The outbreaks of measles have focused attention on community effects. When a high percentage of the community has been vaccinated, there's herd immunity--the virus can't maintain itself. So the choices made by individual families affect the whole community.
By chance the Post Sunday had a good article on the choice faced by a white family on Capitol Hill Their teenage daughter was in an integrated DC intermediate school,but now is facing the decision of which high school to attend.

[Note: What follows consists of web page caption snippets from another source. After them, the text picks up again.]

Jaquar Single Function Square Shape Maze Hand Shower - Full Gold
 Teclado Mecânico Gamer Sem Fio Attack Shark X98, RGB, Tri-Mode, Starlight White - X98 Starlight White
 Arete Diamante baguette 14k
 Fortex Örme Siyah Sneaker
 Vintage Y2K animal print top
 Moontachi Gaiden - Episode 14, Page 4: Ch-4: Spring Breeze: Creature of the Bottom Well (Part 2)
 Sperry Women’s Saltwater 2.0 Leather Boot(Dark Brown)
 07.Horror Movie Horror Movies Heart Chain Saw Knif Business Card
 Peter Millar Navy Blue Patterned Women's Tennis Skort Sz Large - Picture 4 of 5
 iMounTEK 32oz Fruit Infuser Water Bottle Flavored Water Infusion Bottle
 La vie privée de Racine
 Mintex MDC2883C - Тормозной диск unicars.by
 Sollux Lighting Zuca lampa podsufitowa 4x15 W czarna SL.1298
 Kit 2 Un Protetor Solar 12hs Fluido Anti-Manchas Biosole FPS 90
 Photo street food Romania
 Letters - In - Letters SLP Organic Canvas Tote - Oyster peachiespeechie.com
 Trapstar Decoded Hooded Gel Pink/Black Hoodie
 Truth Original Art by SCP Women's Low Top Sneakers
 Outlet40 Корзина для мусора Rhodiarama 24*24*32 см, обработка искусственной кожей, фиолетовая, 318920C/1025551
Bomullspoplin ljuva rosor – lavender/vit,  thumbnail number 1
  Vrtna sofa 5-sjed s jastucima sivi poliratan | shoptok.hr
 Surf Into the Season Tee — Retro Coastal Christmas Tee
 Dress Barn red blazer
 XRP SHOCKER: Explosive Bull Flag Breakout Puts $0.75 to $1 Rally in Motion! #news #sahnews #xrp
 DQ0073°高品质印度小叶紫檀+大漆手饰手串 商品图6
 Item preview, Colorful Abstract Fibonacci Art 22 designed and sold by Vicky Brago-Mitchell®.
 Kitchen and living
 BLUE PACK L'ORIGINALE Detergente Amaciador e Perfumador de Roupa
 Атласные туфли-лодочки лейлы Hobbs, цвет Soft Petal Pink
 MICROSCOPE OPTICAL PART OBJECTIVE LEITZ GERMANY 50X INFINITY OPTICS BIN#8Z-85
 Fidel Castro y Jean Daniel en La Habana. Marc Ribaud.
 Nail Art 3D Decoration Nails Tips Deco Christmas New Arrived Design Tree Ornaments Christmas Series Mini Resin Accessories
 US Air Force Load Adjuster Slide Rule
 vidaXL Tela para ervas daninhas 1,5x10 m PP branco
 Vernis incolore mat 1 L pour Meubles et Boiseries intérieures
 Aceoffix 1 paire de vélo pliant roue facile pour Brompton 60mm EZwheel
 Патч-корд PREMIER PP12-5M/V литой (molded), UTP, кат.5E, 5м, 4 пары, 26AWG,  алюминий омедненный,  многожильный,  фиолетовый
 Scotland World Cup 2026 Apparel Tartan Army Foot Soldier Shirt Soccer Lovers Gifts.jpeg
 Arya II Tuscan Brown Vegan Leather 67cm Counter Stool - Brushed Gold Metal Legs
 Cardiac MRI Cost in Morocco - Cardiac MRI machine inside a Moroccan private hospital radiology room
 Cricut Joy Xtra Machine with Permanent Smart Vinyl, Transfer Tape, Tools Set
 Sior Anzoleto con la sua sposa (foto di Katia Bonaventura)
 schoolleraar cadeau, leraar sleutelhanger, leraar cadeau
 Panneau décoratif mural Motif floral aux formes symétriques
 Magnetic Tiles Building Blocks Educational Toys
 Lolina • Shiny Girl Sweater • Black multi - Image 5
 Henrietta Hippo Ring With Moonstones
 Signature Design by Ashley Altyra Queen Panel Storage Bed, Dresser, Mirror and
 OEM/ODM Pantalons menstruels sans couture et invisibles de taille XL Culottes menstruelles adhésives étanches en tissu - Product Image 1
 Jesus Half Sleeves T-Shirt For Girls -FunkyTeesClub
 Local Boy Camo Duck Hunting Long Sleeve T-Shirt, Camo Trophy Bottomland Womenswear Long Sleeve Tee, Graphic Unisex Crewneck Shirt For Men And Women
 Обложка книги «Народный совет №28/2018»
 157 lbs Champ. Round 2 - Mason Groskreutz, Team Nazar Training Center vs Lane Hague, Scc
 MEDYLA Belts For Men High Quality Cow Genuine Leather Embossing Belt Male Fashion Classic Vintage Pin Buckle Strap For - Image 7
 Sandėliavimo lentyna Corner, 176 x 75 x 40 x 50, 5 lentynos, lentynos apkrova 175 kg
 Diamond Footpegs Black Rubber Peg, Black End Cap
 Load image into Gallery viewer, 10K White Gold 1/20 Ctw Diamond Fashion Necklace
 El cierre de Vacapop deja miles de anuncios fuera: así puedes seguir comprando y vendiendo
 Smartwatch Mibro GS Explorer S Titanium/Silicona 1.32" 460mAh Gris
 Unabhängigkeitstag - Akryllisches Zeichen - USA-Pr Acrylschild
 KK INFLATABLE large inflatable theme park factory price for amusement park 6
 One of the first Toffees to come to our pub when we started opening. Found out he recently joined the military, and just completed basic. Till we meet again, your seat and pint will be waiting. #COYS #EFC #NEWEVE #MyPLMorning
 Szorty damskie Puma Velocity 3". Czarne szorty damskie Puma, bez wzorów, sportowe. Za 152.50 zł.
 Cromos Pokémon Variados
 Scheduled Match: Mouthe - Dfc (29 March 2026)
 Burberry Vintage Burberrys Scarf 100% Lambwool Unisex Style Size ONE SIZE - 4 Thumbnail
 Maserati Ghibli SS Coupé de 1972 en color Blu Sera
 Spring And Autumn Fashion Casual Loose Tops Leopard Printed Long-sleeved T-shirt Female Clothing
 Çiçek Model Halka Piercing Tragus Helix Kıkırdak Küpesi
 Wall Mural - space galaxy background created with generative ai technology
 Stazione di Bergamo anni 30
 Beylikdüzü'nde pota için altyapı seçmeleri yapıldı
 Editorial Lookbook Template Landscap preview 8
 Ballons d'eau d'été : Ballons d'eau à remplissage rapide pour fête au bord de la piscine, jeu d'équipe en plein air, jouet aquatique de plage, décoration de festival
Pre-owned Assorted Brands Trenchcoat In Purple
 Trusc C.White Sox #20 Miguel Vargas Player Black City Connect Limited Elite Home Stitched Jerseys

Does she go to Eastern, the local high school, almost entirely black (like the intermediate school) with known problems and the possibility it's on the upswing, or travel across town to a selective public high school.
On the one hand the daughter gets greater certainty of a good and challenging education with less risk of a bad experience; on the other hand she might be missing a unique experience and, more importantly, she contributes a bit to the community effect.
Recent research on upward mobility has shown the importance of community effects: the better the community by our customary standards (two-parent families, etc.) the better everyone does, particularly the poor.
I'm not an anti-vaxer, but I think it's true a measles vaccination carries a risk, a very small risk, to the individual. But the risk to the individual is outweighed by the benefits to the community if everyone gets vaccinated, or at least in the neighborhood of 95+ percent. So I've no problem in saying the individual should be vaccinated, and mandatory vaccination laws are good. But why would I, and the liberal parents of the daughter in the Post article, hesitate to require her to attend her neighborhood school? I think the answer is the probable cost to the individual is much higher and the probable benefit to the community, in the absence of many others in the same situation is minimal, meaning the tradeoff is unfair.
While that calculus seems to be convincing, it leaves the $64,000 question of how do we get positive community effects: how do you get a herd, a crowd, all moving in the same positive direction?